• [Instructions for the task]: Copy each entry below unchanged; the images do not go in the copy.

• [Data supplied]:
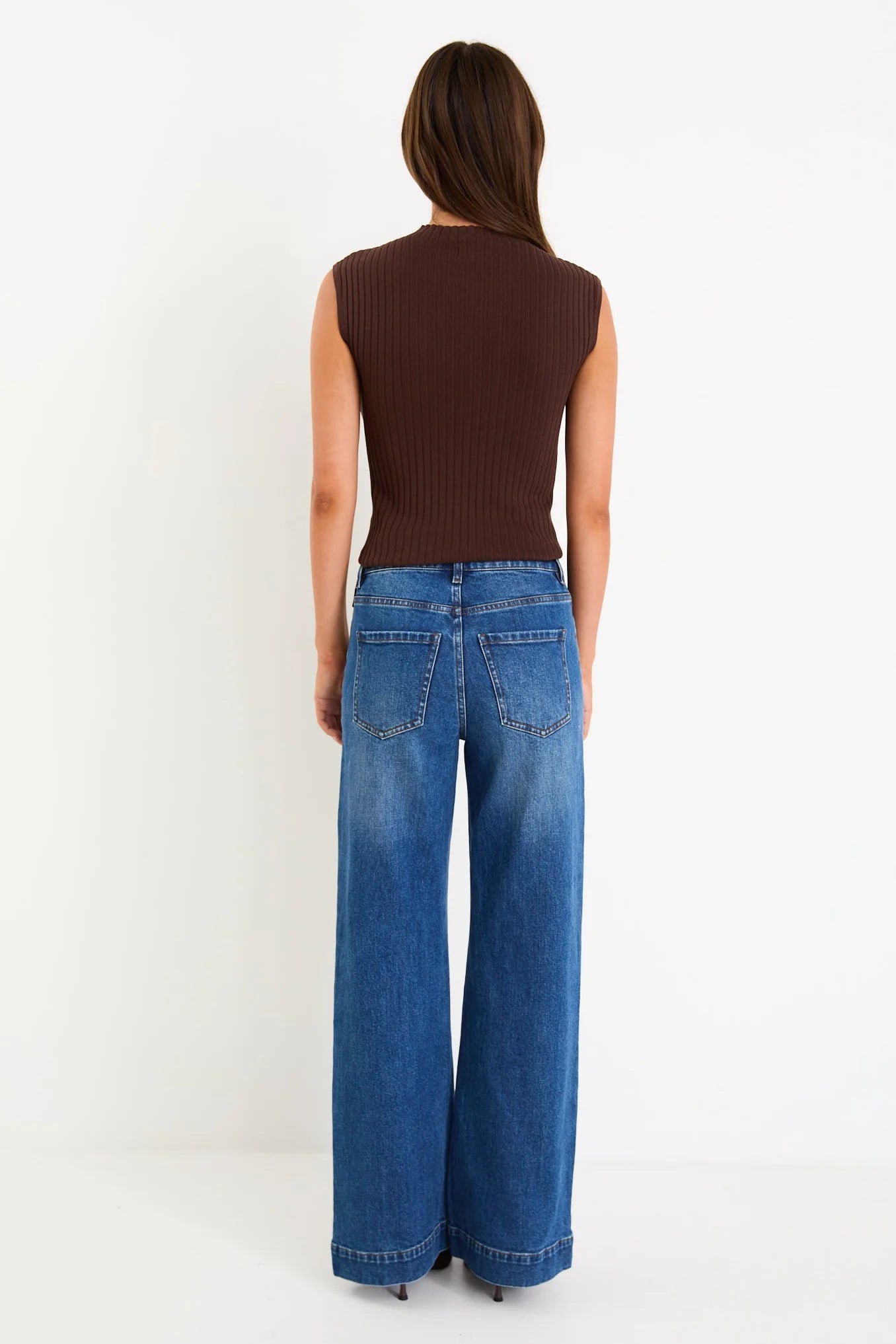 Heroic Chocolate Sleeveless Funnel Neck Rib Knit Top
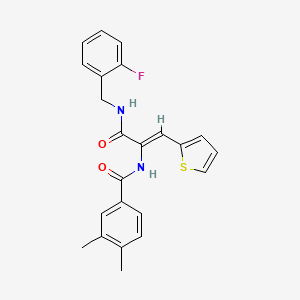 N-[(Z)-3-[(2-fluorophenyl)methylamino]-3-oxo-1-thiophen-2-ylprop-1-en-2-yl]-3,4-dimethylbenzamide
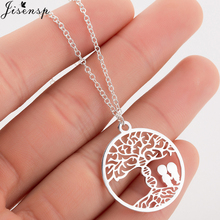 Jisensp Fashion Tree of life Stainless Steel Necklace Women Romantic Couple Necklace Jewellery Round Charm Necklaces mujer 2024 - buy cheap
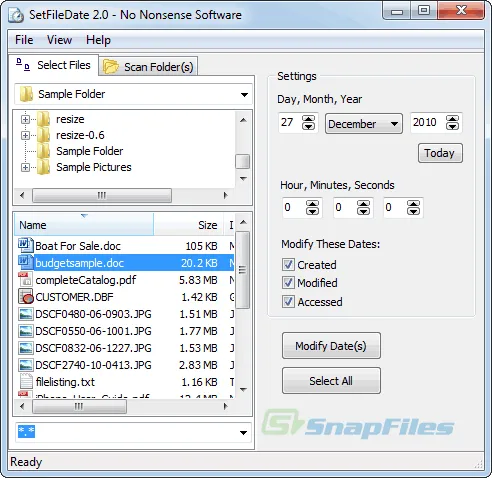 SetFileDate Скріншот 1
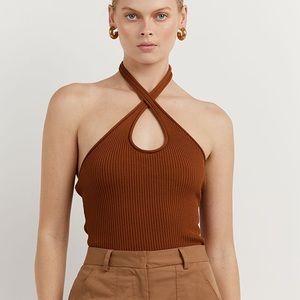 DISSH Toni Tan Halter Knit Tank Size XS
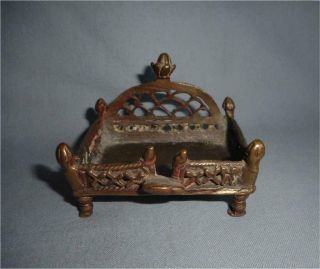 Antique Middle India Top High Aged Bronze Altar Shrine Stand For Figure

• [Solution to this exercise]:
 Heroic Chocolate Sleeveless Funnel Neck Rib Knit Top
 N-[(Z)-3-[(2-fluorophenyl)methylamino]-3-oxo-1-thiophen-2-ylprop-1-en-2-yl]-3,4-dimethylbenzamide
 Jisensp Fashion Tree of life Stainless Steel Necklace Women Romantic Couple Necklace Jewellery Round Charm Necklaces mujer 2024 - buy cheap
 SetFileDate Скріншот 1
 DISSH Toni Tan Halter Knit Tank Size XS
 Antique Middle India Top High Aged Bronze Altar Shrine Stand For Figure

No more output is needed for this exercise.